Ah. Epiphany. Much of what I learned about success didn’t ring true so that when I chased career success it felt hollow. And yet I wasn’t ready to admit these things: perhaps I just needed to work harder, do more in communities. I burned out. Still empty, I returned to the truth of what success is for me and accepted that my success isn’t going to fit neatly into the capitalist paradigm.
I knew I had to start following the visions given by the land. I also knew that success built on wonky foundations isn’t worth having.
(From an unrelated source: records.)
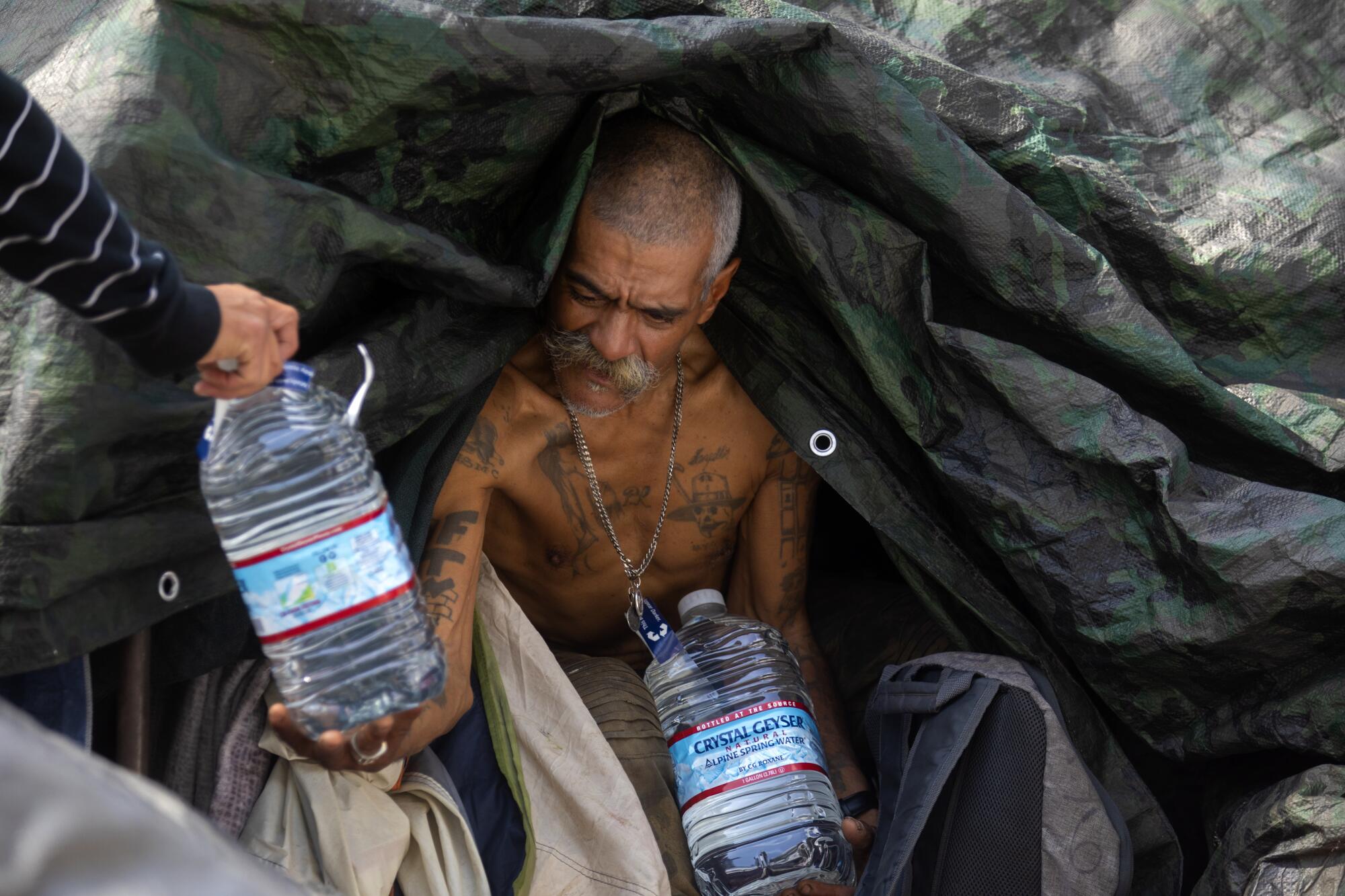 A man holds bottled water in his tent.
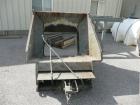 USED: 50 hp SSI shredder, model Q55-ED(40), ram feed. Previously used for medical waste shredding. Low hours.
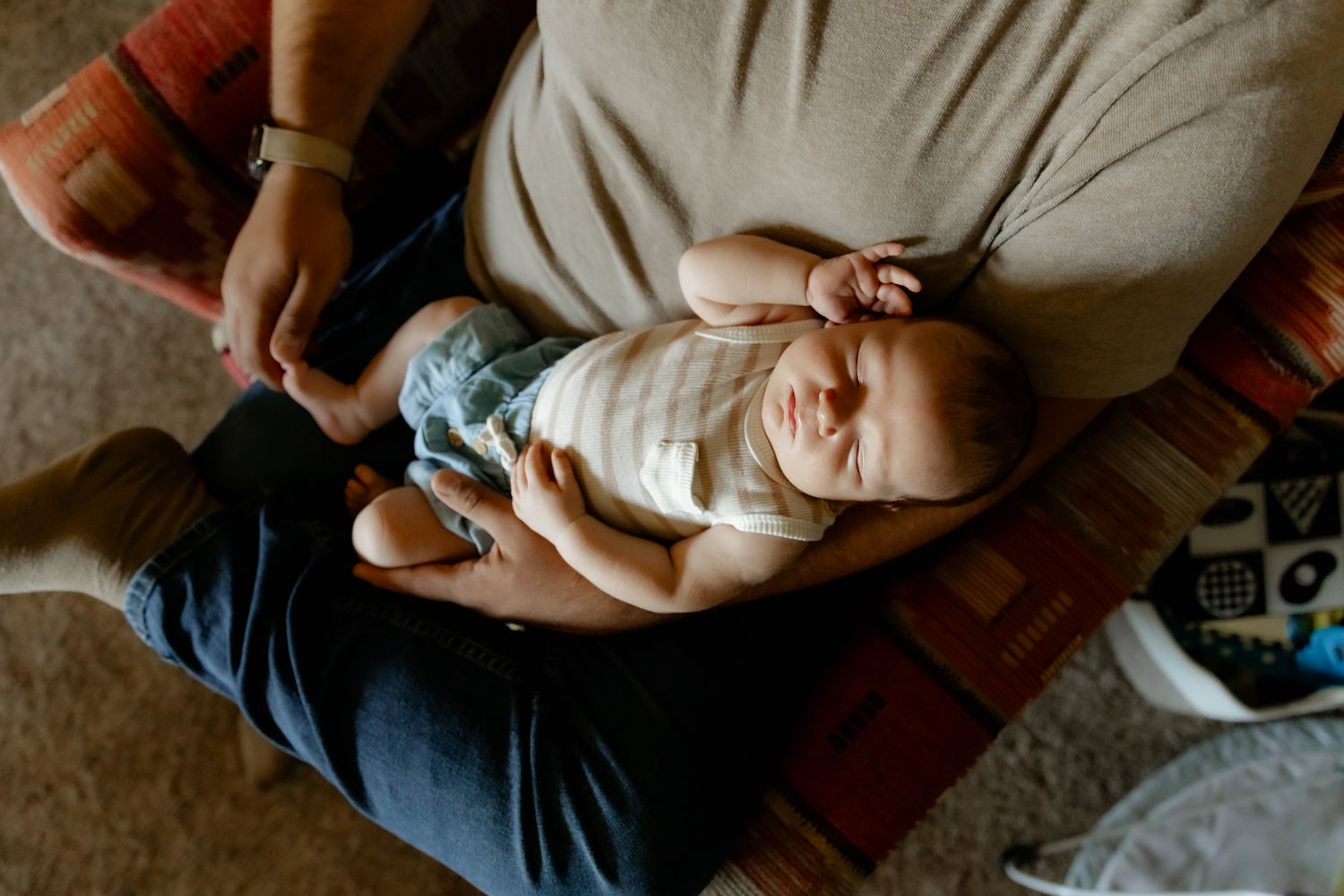 Newborn baby in white onesie lying on dark blanket during peaceful sleep.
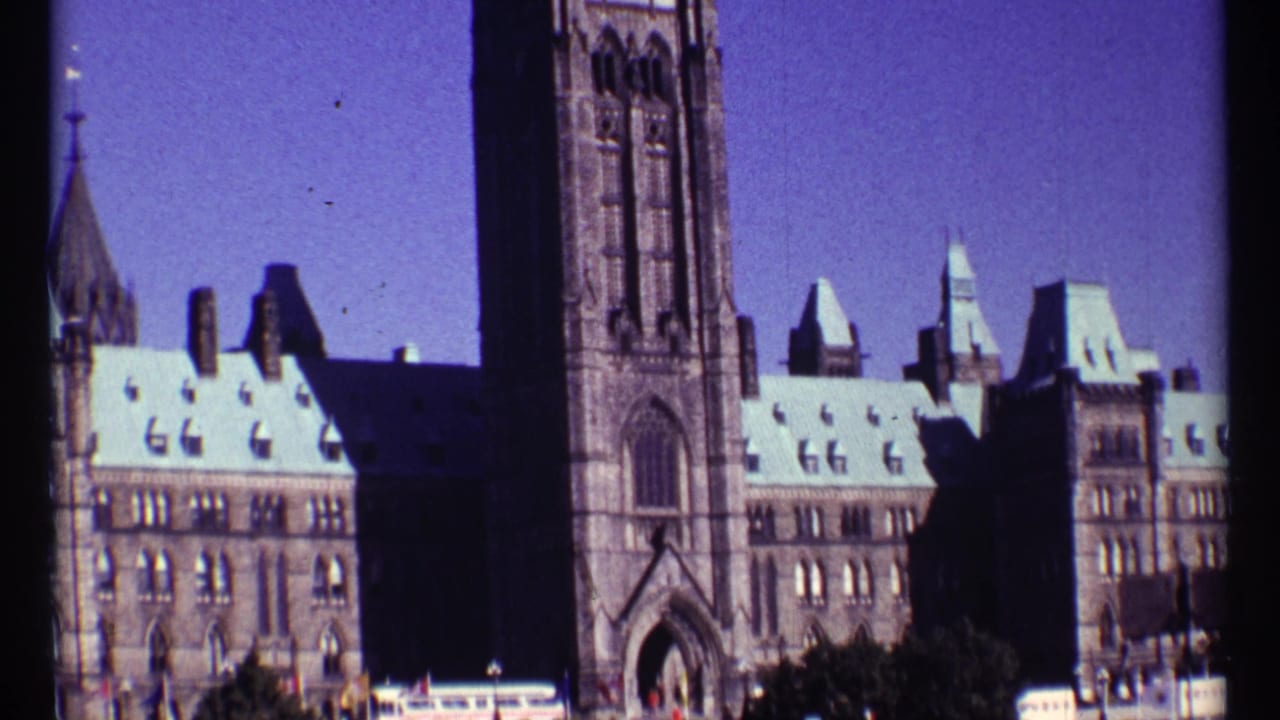Peace Tower and Parliament buildings under a blue sky, seen on vintage 8mm film.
These days I’ve developed a much deeper, more nuanced understanding: success is knowing myself, it’s having strong boundaries with those who haven’t yet done the work, it’s working through things with those who are prepared to do the work, it’s spending as much time connected to the natural world as I can and translating those experiences through my words, it’s having a strong relationship with our children while also allowing space for them to become their own people, not extensions of our egos; It’s speaking my truth even if that contradicts current received wisdoms; it’s building a life that isn’t reliant on certain perceived manifestations of success – how can I speak truth if my career is configured in such a way that my words have to please the ears of people not ready to hear it?
Seventeen years ago, Andy and I were completely different people, but we’ve evolved together, holding space for each other to grow, learn, change; and we have a life that makes us both happy. Learning what that is, and what real love is, has been one of the greatest successes of my life.